Михалыч, Игорь и Юрка склоняются над хитросплетениями трубопроводов. Петька стоит поодаль, готовый каждую секунду прийти на помощь.
– Вот он, – говорит Маевский и тычет пальцем. – Наверное магнит втягивает иглу рывком.
– Я плавно регулировал, – говорит Михалыч. Маевский молчит, потом расстегивает шлем, снимает пиджак.
– Петя, подверни мне рукава, – просит он Соколова, – а то руки в масле.
Петька, долго сопя, возится с запонками. Запонки у Маевского какие-то хитрые.
– В твои годы, – назидательно говорит Юрка, – надо уметь обращаться с запонками.
– А я вот их не уважаю, – говорит Петька.
– Это почему же?
– Время отнимают: вдевай – вытаскивай…
– Кончайте вы с запонками! – зло кричит Игорь. – Нашли время! Как бабы!
Он уже залез туда, куда показывал Маевский, и тянет что-то двумя пальцами.
– Горячая, зараза! Так и есть. Ты плавно регулировал, и магнит тянет плавно, а у иглы тугой свободный ход, и она идет рывком… Давайте еще попробуем, я ее покачал, вроде теперь ничего…
Они выходят из бокса, и все повторяется. Только теперь Михалыч может не кричать Петьке. Петька внимателен, весь подобрался, как кот у мышиной норы. Двигатель снова захлебывается.
У Игоря бешено злой вид. Едва отключили коммуникации, он влетел в бокс и, шепча ругательства, опять что-то тянет, обжигая руки, скалясь и гримасничая.

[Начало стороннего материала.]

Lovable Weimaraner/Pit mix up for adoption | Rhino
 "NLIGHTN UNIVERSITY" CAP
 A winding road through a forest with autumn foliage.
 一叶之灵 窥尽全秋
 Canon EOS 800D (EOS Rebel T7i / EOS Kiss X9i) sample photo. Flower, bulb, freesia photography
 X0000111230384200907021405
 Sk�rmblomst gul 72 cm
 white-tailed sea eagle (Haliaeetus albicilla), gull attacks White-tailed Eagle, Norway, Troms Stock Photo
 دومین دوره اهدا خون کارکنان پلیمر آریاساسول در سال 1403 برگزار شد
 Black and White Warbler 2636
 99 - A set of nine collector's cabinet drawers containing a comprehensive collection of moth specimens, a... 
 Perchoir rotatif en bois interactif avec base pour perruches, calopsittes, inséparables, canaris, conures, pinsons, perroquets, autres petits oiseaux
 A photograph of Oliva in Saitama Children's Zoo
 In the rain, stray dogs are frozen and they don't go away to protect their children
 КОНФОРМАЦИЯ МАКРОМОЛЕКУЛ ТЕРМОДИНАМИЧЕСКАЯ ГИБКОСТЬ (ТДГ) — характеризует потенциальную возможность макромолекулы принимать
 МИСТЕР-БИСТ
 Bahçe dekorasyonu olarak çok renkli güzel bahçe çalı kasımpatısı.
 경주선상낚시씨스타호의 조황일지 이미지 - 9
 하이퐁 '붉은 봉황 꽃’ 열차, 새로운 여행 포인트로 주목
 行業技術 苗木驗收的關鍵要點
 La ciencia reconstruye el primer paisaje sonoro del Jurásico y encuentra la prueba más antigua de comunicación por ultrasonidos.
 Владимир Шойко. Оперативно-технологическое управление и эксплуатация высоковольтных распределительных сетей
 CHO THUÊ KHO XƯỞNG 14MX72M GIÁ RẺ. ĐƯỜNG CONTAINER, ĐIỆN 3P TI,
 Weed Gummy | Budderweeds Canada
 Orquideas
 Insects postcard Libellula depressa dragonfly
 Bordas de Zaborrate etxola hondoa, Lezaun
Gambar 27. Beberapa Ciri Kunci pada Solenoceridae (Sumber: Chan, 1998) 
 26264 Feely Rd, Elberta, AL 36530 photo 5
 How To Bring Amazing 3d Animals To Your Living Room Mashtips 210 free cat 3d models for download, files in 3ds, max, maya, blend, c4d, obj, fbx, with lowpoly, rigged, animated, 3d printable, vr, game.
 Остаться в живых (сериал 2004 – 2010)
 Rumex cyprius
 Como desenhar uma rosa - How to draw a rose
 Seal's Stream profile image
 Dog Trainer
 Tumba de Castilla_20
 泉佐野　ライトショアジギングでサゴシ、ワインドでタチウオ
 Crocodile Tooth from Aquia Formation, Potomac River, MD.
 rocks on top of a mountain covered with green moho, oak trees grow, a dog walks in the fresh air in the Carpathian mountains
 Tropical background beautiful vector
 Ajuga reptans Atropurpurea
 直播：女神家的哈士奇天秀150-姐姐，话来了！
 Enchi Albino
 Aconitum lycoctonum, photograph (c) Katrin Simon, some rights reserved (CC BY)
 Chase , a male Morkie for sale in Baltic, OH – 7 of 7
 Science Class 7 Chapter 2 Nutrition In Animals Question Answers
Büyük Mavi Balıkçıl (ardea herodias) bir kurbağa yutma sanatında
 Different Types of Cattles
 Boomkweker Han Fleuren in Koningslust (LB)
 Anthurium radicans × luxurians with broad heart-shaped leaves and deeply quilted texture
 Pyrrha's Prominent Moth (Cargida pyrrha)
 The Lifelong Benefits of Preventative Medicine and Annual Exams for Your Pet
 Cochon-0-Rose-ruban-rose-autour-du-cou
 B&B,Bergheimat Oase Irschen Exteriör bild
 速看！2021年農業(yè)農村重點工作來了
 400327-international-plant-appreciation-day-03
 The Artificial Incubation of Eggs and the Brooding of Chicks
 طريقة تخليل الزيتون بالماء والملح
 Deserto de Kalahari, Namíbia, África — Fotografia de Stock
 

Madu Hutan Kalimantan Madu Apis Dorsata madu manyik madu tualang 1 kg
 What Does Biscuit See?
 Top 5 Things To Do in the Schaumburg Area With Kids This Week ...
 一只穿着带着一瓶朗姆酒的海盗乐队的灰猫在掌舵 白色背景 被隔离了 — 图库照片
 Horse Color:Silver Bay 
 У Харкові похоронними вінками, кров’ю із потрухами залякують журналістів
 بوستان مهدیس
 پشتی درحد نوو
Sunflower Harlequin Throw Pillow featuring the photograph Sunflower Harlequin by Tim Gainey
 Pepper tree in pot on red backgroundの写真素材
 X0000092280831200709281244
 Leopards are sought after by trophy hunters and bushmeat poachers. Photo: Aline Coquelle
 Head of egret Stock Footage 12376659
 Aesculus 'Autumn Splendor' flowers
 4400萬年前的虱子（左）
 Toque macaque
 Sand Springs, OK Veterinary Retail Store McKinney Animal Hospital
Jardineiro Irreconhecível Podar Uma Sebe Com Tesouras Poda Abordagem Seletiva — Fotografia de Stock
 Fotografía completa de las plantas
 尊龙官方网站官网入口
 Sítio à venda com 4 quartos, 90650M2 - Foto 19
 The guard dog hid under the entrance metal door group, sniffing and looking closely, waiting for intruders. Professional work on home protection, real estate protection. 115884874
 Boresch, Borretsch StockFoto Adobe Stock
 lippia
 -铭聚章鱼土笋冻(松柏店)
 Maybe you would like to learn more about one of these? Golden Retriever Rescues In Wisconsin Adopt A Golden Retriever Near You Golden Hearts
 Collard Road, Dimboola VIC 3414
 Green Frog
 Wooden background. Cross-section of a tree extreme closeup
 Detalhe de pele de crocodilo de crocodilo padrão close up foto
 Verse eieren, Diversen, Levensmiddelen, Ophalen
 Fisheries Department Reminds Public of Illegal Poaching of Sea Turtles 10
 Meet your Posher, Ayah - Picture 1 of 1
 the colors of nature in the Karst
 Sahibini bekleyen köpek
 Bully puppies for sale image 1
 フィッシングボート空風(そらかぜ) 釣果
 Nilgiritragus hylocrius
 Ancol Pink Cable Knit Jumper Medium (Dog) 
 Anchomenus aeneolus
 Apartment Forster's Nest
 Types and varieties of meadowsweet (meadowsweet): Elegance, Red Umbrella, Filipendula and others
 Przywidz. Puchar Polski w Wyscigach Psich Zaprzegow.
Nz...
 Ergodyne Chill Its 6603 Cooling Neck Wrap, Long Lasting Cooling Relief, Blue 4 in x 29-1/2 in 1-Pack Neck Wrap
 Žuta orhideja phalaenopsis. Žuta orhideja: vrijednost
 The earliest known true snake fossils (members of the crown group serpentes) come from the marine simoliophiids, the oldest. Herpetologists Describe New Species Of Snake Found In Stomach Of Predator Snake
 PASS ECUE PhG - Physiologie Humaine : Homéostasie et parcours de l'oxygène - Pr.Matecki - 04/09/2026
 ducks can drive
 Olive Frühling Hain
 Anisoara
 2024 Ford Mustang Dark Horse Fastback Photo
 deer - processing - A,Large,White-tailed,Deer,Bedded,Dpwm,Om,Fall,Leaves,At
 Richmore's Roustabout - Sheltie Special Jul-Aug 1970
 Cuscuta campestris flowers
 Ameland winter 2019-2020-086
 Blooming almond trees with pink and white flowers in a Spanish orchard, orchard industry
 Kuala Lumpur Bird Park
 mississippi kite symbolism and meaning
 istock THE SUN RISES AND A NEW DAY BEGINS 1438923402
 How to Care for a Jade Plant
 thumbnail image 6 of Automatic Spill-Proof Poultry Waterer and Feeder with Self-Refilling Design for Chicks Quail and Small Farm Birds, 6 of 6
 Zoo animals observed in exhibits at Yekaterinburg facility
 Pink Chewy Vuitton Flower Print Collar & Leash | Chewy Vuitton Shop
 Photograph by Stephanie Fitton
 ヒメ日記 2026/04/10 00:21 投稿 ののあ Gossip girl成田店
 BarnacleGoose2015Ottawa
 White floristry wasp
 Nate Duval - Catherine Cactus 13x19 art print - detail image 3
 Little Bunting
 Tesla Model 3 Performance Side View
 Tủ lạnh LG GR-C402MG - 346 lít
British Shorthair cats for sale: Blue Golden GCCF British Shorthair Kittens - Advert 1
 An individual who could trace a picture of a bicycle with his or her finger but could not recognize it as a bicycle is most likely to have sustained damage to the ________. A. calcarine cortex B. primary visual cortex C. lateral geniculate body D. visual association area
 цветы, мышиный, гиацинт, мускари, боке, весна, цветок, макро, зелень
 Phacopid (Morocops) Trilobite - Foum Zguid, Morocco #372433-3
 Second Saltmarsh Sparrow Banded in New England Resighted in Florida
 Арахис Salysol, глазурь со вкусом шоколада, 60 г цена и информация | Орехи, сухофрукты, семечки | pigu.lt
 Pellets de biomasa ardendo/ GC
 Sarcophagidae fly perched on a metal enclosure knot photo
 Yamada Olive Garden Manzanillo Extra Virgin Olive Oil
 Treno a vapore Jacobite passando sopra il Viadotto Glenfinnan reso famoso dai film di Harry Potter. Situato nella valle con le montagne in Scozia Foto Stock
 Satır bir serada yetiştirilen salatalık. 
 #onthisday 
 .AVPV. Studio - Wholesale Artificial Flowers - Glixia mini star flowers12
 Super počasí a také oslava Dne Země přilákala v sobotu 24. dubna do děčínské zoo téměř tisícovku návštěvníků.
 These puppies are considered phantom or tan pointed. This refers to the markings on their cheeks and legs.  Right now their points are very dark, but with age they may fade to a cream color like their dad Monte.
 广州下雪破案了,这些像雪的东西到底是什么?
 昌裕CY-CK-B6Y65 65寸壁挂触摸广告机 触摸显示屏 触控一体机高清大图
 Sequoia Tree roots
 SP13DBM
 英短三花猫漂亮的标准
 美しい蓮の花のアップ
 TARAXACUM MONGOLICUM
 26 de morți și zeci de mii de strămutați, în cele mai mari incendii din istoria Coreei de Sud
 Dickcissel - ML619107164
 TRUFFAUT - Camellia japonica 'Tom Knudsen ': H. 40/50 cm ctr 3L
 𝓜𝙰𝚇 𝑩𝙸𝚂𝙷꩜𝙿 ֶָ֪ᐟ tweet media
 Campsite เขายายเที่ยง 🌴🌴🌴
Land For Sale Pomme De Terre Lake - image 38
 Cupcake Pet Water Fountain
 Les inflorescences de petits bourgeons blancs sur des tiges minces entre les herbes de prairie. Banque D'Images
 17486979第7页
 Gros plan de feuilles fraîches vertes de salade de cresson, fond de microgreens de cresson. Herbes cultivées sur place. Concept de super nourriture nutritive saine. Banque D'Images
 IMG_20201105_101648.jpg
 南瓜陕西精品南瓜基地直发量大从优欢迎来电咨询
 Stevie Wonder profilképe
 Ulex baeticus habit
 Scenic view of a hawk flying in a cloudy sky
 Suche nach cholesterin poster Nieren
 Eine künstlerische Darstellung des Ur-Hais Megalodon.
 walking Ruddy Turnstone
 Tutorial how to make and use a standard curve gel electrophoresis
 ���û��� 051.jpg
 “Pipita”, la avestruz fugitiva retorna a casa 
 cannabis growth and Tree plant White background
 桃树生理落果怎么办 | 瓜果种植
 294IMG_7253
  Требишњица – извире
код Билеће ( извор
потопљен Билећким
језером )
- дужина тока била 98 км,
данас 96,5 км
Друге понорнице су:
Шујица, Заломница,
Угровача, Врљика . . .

– Опять она? – спрашивает Маевский за его спиной. Он сохраняет завидное хладнокровие.
– А то кто ж? – огрызается Редькин, – Придется разобрать отсекатель…
Игорь что-то яростно дергает к себе – от себя, к себе – от себя…
– Еще раз попробуем, последний раз, – говорит он. И снова все на местах.
– Пуск.
И снова Редькин жестом римлянина тормозит двигатель. Палец нетерпеливо тычет: вниз, вниз, вниз! Михалыч, уже не глядя на палец, вращает осторожно, словно штурвальчик хрустальный и он боится его отколоть. И опять Звук срывается в клокочущий посвист.
– Сволочь! – кричит Игорь и рывком кидается к двери бокса.
– Куда?
Но крик Михалыча обрывает короткий, глухой, будто далекий взрыв.
Руки Петьки на кнопках. Красивое лицо Маевского в шлеме. Он обернулся от приборной стенки и так застыл, судорожно сжав рукоятку с кнопкой. Из приоткрытой Игорем тяжелой двери в бокс стелется по полу голубоватый дымок. Михалыч бросается в бокс и очень быстро вновь появляется в двери, держа под мышки обвисшее, неживое тело Редькина. Его мокрая, липкая от крови голова свесилась вниз и чуть в сторону.